Industry media outlet BlockTV discussed the lawsuit in a report on Aug. 9. According to the report, the complaint is being filed as a class action suit, and the investor ultimately plans to sue other Israeli banks on the same grounds. 

According to the report, Israeli banks are largely anti-crypto because they wish to avoid being scrutinized in connection with crypto-related firms and individuals. However, the disgruntled investor’s lawyer, Lior Lahav, has said that this is not sufficient grounds for banks to refuse services to cryptocurrency investors. Lahav stated:

“The banks have an obligation under the law to accept money from the clients […] They can check on their clients, do their due diligence, and find out where the money is coming from. The problem with the banks is that they are doing nothing. They are not asking their clients: ‘Provide me documentation of the origin of the money.’”

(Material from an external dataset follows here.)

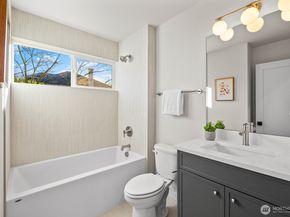 2509 N 42nd Street, Seattle WA 98103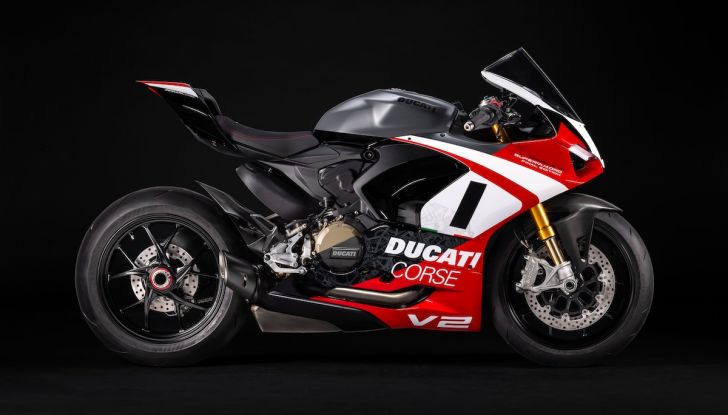 Ducati Panigale V2 Superquadro Final Edition, un tributo al più sofisticato bicilindrico della Rossa - Foto 4 di 9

Lahav further illustrated the scale of the issue, arguing that there are tens of thousands of Israeli investors who are similarly being punished for no apparent wrongdoing:

“There are more than 70,000 bitcoin investors in Israel who are facing the same problem from their banks […] 99 percent of them are ordinary people that invested in a thing that’s completely legal.”

Ross Gross

Lahav pointedly noted that his client is not Ross Gross. Gross is a Bitcoin investor who claimed that the bank Hapoalim refused to accept his deposit, purportedly because it came from crypto trading profits.

As previously reported by Cointelegraph, Gross began investing in Bitcoin back in 2011, and has reported his earnings to the Israeli tax authority. However, as of 2017, Bank Hapoalim stopped accepting his deposits of funds earned from Bitcoin trading. 

As a result, Gross has not been able to pay his capital gains taxes and the tax authority has put a lien on his bank account, home and scooters. Gross said, “the tax authority is aware of the problem, but they say the ball isn’t in their court.”